Data warehouse schemas often rely on a primary “fact” table that contains events, and satellite “dimension” tables that contain extended, slowly changing information. For example, a retail schema might have a “Sales” table as the fact table and then “Products” and “Customers” tables as dimensions. When using this type of schema, the majority of queries will require a JOIN operation, such as to return the names of all the products purchased by a particular customer.

BigQuery supports all of the common join types from relational algebra: inner joins, outer joins, cross joins, anti-joins, semi-joins, and anti-semi-joins. Although it can sometimes be faster to avoid a JOIN, BigQuery can efficiently join tables of almost any size. Chapter 7 discusses more about how to optimize JOIN performance, but for now, we describe only the basic JOIN operation.

The JOIN Explained

In Chapter 1, we looked at an example of a JOIN across tables in two different datasets produced by two different organizations. Let’s revisit that for a refresher:

WITH bicycle_rentals AS (
  SELECT
    COUNT(starttime) as num_trips,
    EXTRACT(DATE from starttime) as trip_date
    FROM `bigquery-public-data`.new_york_citibike.citibike_trips
  GROUP BY trip_date
),

rainy_days AS
(
SELECT
  date,
  (MAX(prcp) > 5) AS rainy
FROM (
  SELECT
    wx.date AS date,
    IF (wx.element = 'PRCP', wx.value/10, NULL) AS prcp
  FROM
    `bigquery-public-data`.ghcn_d.ghcnd_2016 AS wx
  WHERE
    wx.id = 'USW00094728'
)
GROUP BY
  date
)

SELECT
  ROUND(AVG(bk.num_trips)) AS num_trips,
  wx.rainy
FROM bicycle_rentals AS bk
JOIN rainy_days AS wx
ON wx.date = bk.trip_date
GROUP BY wx.rainy

In Chapter 1, we asked you to ignore the syntax, but let’s parse it now.

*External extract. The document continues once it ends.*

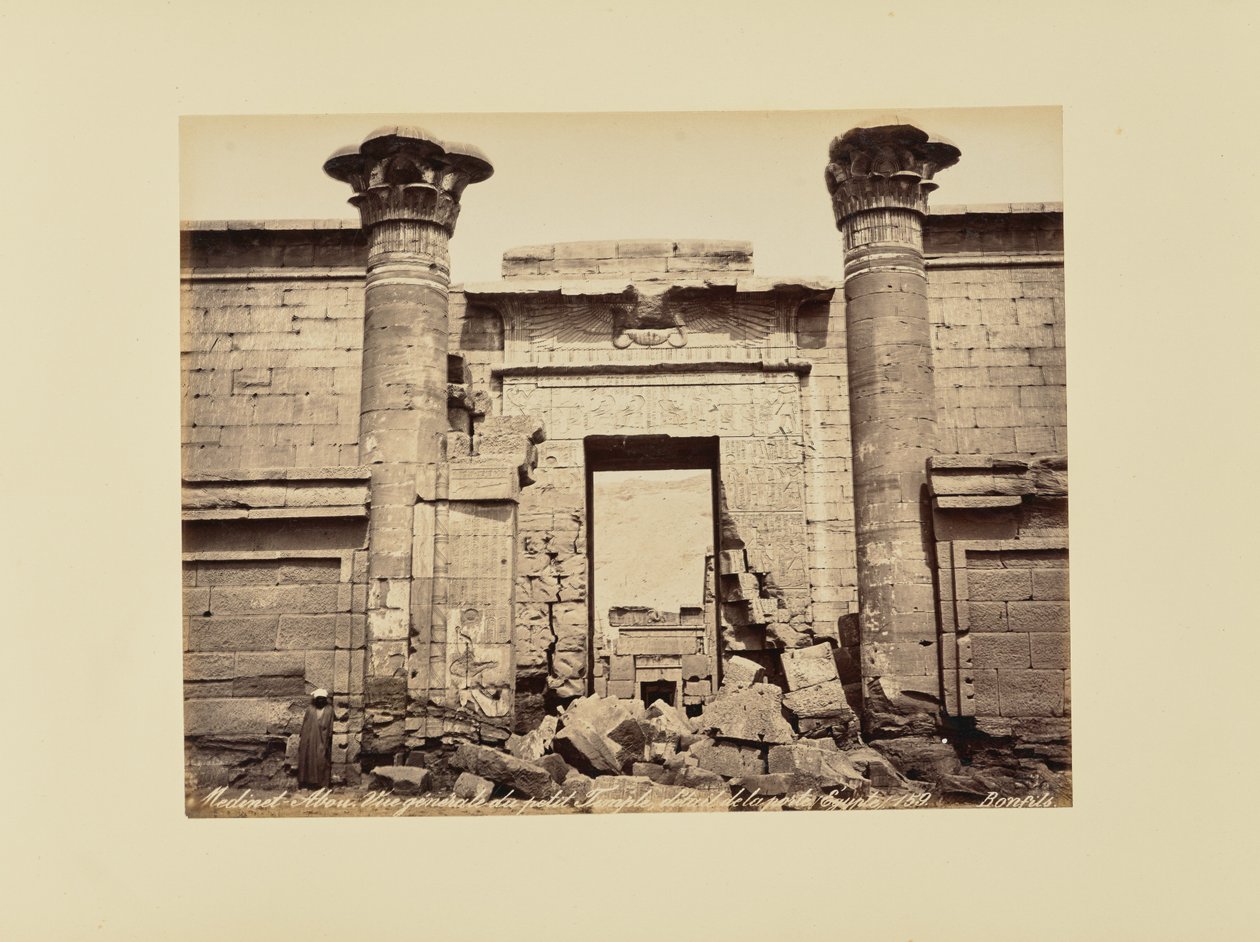Medinet-Abou. Vue générale du petit Temple, détail de la porte (Égypte) - Félix Bonfils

The first WITH pulls out the number of trips by day from the citibike_trips table into a from_item called bicycle_rentals. This is not a table, but it is something from which we can select. Hence, we will refer to it as a “from_item.” The second from_item is called rainy_days and is created from the Global Historical Climate Network (GHCN) observation in each day. This from_item marks each day as being rainy or not depending on whether at least five mm of precipitation was observed at weather station 'USW00094728', which happens to be in New York.

So now we have two from_items. Let’s visualize them separately:

WITH bicycle_rentals AS (
  SELECT
     COUNT(starttime) as num_trips,
     EXTRACT(DATE from starttime) as trip_date
  FROM `bigquery-public-data`.new_york_citibike.citibike_trips
  GROUP BY trip_date
)
SELECT * from bicycle_rentals LIMIT 5

The bicycle_rentals from_item looks like this:

Row	num_trips	trip_date
1	31287	2013-09-16
2	22477	2015-12-30
3	37812	2017-09-02
4	54230	2017-11-15
5	25719	2013-11-07

Similarly, the rainy_days from_item looks like this:

Row	date	rainy
1	2016-10-11	false
2	2016-12-13	false
3	2016-09-28	false
4	2016-01-25	false
5	2016-05-24	false

We can now join these from_items using the join condition that the trip_date in one is the same as the date in the second:

SELECT
  bk.trip_date,
  bk.num_trips,
  wx.rainy
FROM bicycle_rentals AS bk
JOIN rainy_days AS wx
ON wx.date = bk.trip_date
LIMIT 5

This creates a table in which columns from the two tables are joined by date:

Row	trip_date	num_trips	rainy
1	2016-07-13	55486	false
2	2016-04-25	42308	false
3	2016-09-27	61346	true
4	2016-07-15	48572	false
5	2016-05-20	52543	false

Given this, finding the average number of trips on rainy and nonrainy dates is straightforward.

What we have illustrated is called an inner join, and it is the type of JOIN used if no join type is specified.

Here’s how the JOIN works:

Create two from_items. These can be anything: any two of a table, a subquery, an array, or a WITH statement from which you can select.
Identify a join condition. The join condition does not need to be an equality condition; any Boolean condition that uses the two from_items will do.
Select the columns that you want. If identically named columns exist in both from_items, use aliases (bk, wx in the previous example query) to clearly specify from which from_item the column needs to come.
If not using an inner join, specify a join type.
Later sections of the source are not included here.